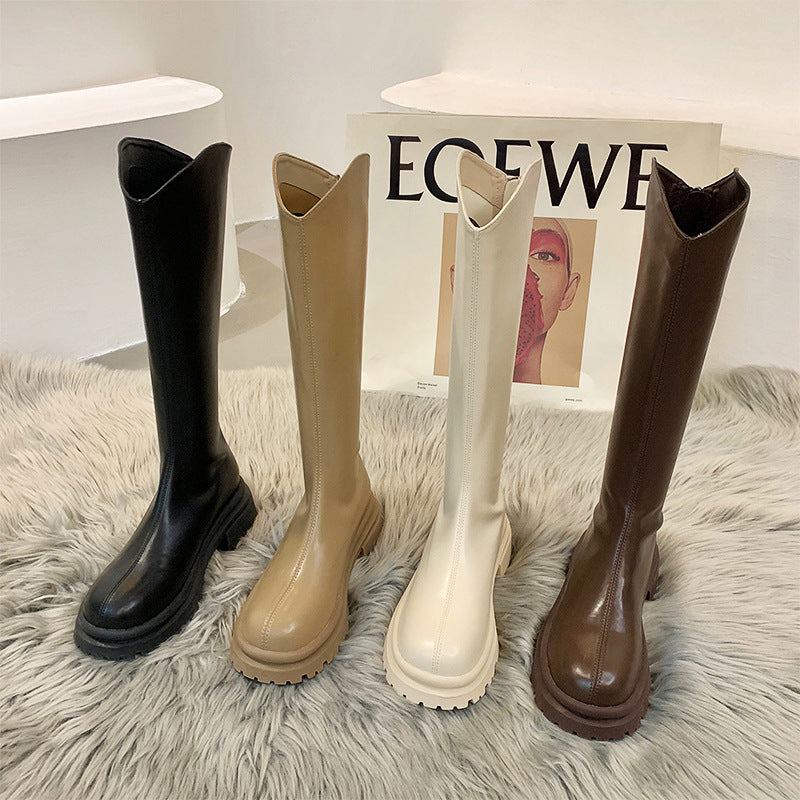 Boots Women's Chelsea Boots White Long Boots popular New Autumn and Winter Thick-soled Martin Boots Tall Knight Boots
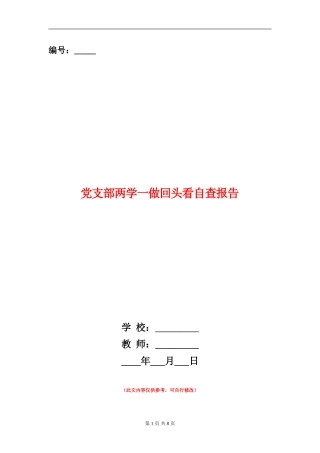 党支部两学一做回头看自查报告
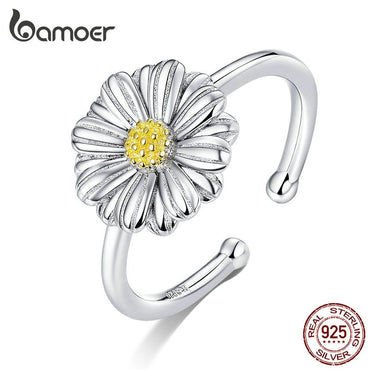 bamoer Silver 925 Jewelry Enamel Daisy Flower Open Adjustable Finger Rings for Women Sterling Silver Fine Jewelry SCR616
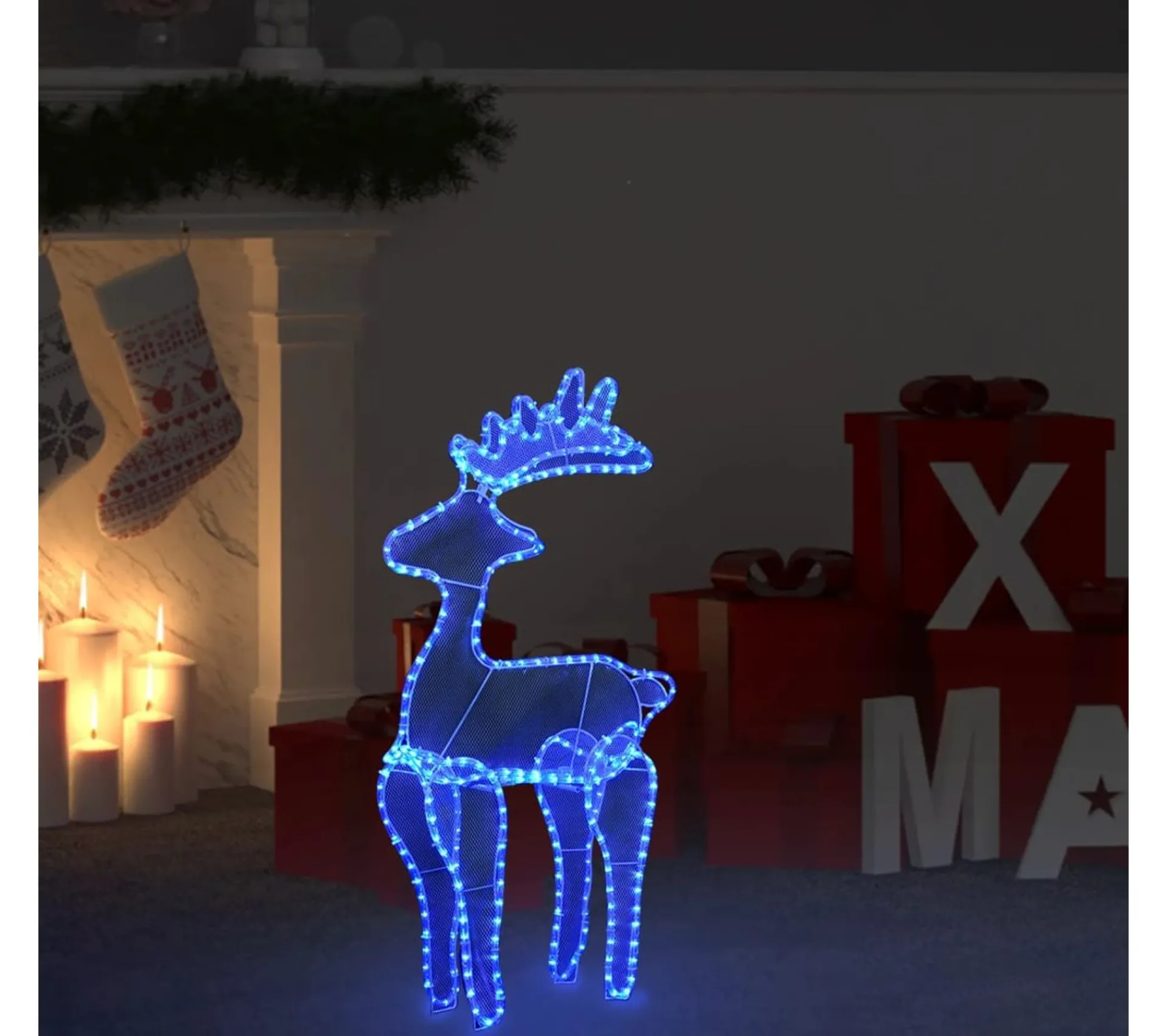 Best * Décoration De Noël De Renne Avec Maille 306 Led 60X24X89 Cm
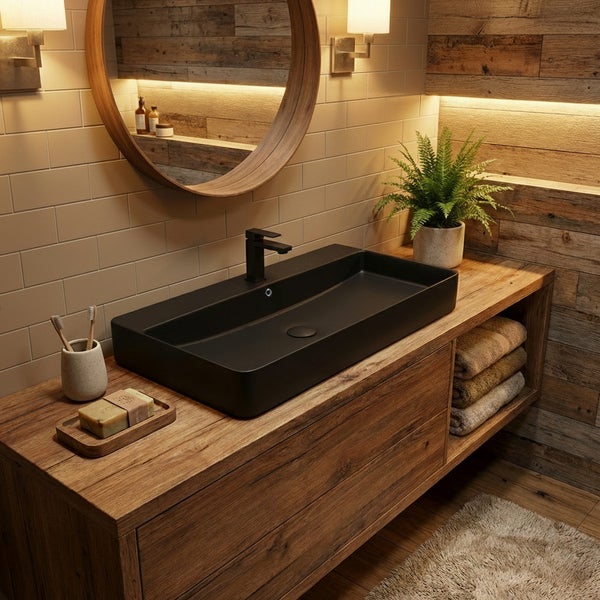 Modernes Badezimmer mit Waschtischunterschrank aus Holz, schwarzem Aufsatzwaschbecken und Armatur vor einer Fliesenwand mit Spiegel und Beleuchtung.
^^^^^^^^^^^^^^^^
ACTIVITY:
In the records above, find the line that contains "Best * Décoration", then write it out along with every line after it, exactly, through the last one. Leave the pictures out.

RESPONSE FOR THIS EXERCISE:
 Best * Décoration De Noël De Renne Avec Maille 306 Led 60X24X89 Cm
 Modernes Badezimmer mit Waschtischunterschrank aus Holz, schwarzem Aufsatzwaschbecken und Armatur vor einer Fliesenwand mit Spiegel und Beleuchtung.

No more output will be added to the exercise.